- **Exercise goal**
Please return every line of the material verbatim and skip any images.
:: Given records ::
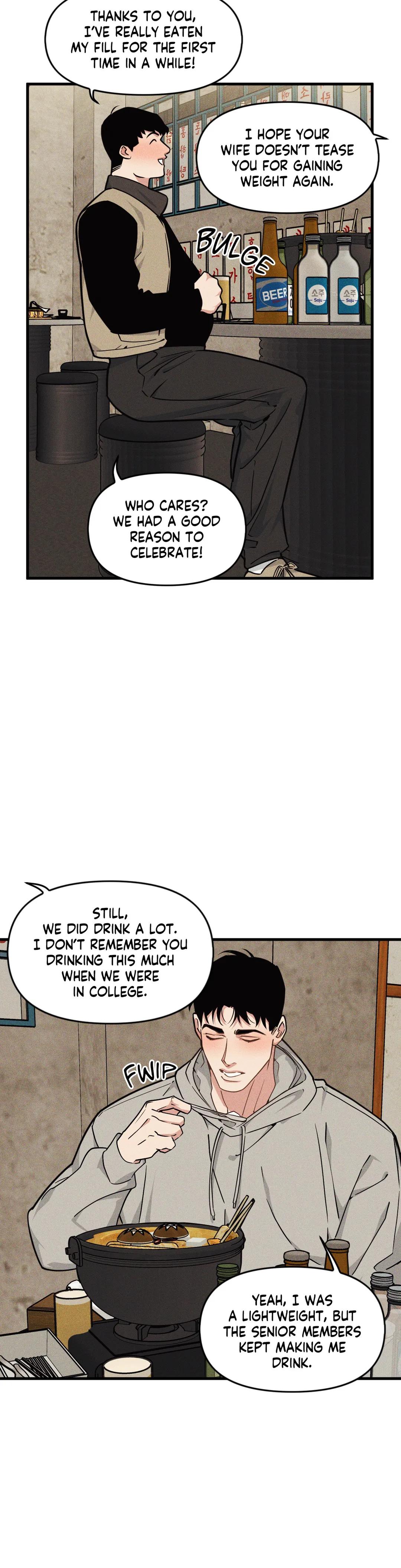 Full Volume Chapter 77.8 page 11 - 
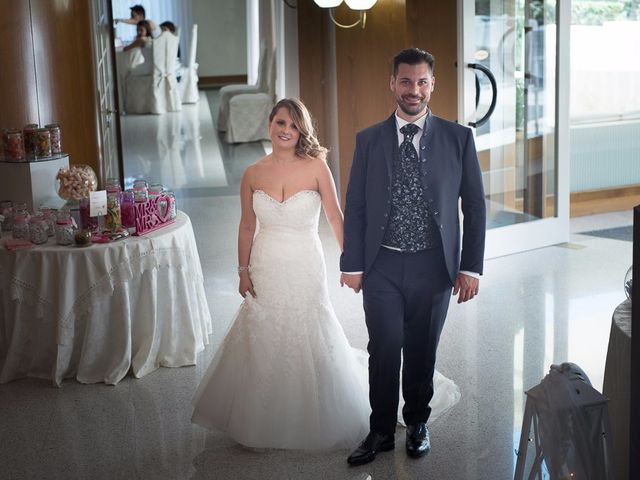 Il matrimonio di Alex e Erica a Gorlago, Bergamo 125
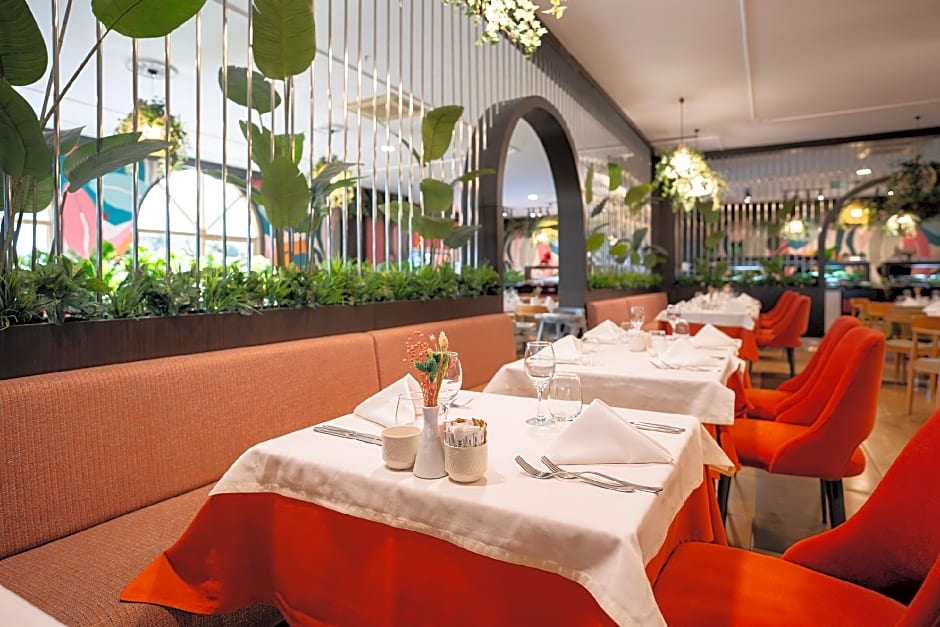 Megasaray WestBeach Antalya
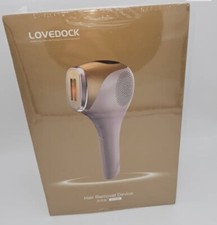 LoveDock Hair Removal Device - Brand New Sealed D-1155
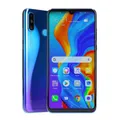Produktbild: Huawei P30 lite Dual-SIM 128GB Peacock Blue Android Smartphone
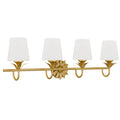 QUOIZEL, DOROTHEA BATH LIGHT, BATH VANITY LIGHT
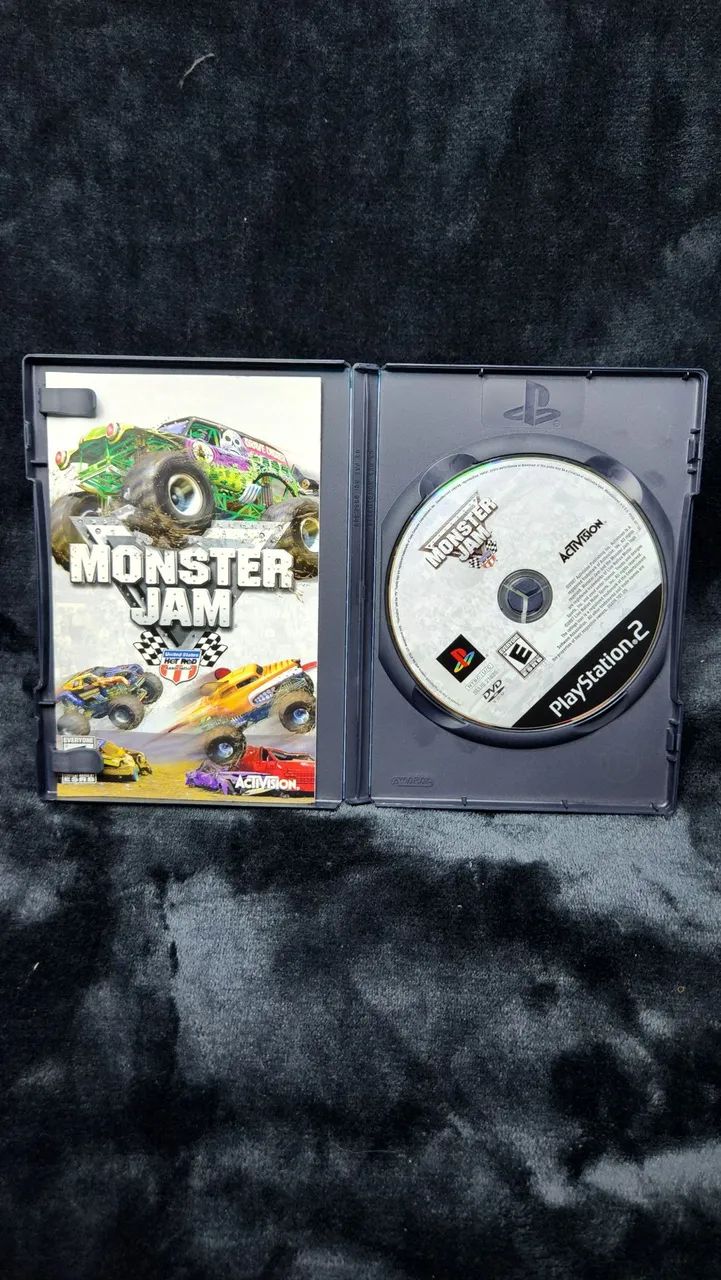 Monster Jam - Playstation 2 - Foto 3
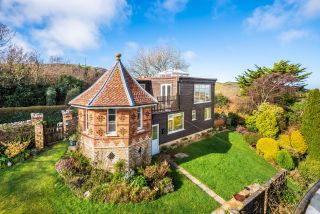 The Round House, Ilfracombe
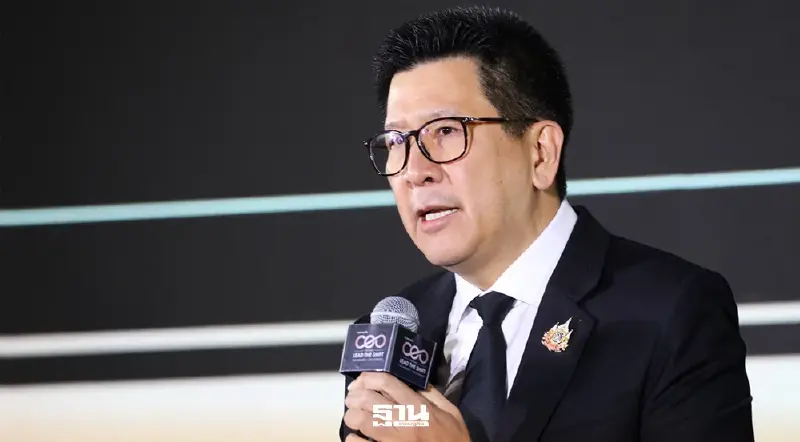 'เอกนิติ' พร้อมดันงบปี 70 ล่าช้าน้อยสุด ชี้รัฐบาลเดิมช่วยลดดีเลย์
:::
- **Solution**
 Full Volume Chapter 77.8 page 11 - 
 Il matrimonio di Alex e Erica a Gorlago, Bergamo 125
 Megasaray WestBeach Antalya
 LoveDock Hair Removal Device - Brand New Sealed D-1155
Produktbild: Huawei P30 lite Dual-SIM 128GB Peacock Blue Android Smartphone
 QUOIZEL, DOROTHEA BATH LIGHT, BATH VANITY LIGHT
 Monster Jam - Playstation 2 - Foto 3
 The Round House, Ilfracombe
 'เอกนิติ' พร้อมดันงบปี 70 ล่าช้าน้อยสุด ชี้รัฐบาลเดิมช่วยลดดีเลย์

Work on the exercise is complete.